Paul : une Loi caduque ?

Une Loi caduque ?

Romains 7, 7-25

Extrait à distribuer : « Le voyage du pèlerin » (17ème siècle) John Bunyan

L’âme convertie découvre une multitude d’idées nouvelles et salutaires.

Il prit ensuite le Chrétien par la main et le mena dans un grand cabinet tout rempli de poussière, qui n’avait jamais été balayé. Et après que le Chrétien l’eut un peu parcouru des yeux, l’Interprète appela un homme pour le nettoyer. Mais dès les premiers coups de balai, il s’éleva de toutes parts une telle quantité de poussière que le Chrétien en fut presque étouffé. Ce que l’Interprète ayant remarqué, il ordonna à une jeune fille qui se trouvait là d’apporter de l’eau et d’en arroser la chambre, qui fut ainsi nettoyée promptement et facilement. Le Chrétien demanda ce que cela signifiait.

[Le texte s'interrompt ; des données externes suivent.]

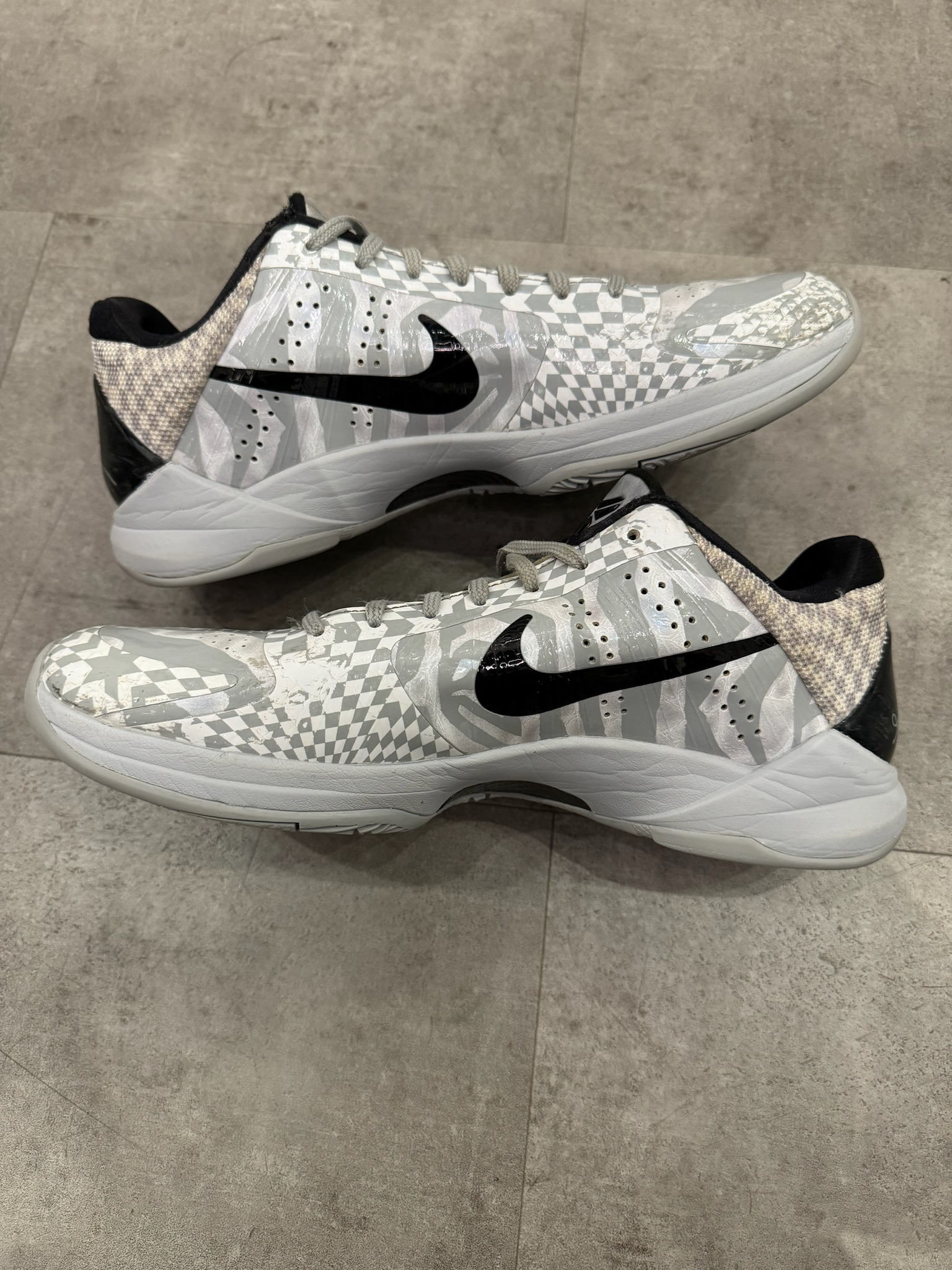 Nike Kobe 5 Protro Zebra Demar Derozan PE (Preowned)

Ce cabinet, dit l’Interprète, représente le coeur d’un homme qui n’a encore jamais été sanctifié par la grâce de l’Evangile. La poussière, c’est le péché naturellement attaché à sa nature, qui souille l’homme tout entier depuis la plante des pieds jusqu’au sommet de la tête.

Celui qui a balayé le premier c’est la Loi, mais la personne qui a apporté de l’eau et qui a arrosé le cabinet représente la grâce de l’Evangile. Vous avez vu que, l’homme a commencé à balayer, la poussière s’est élevée de tous côtés sans que la place ait pu être nettoyée, et que la poussière a failli vous étouffer.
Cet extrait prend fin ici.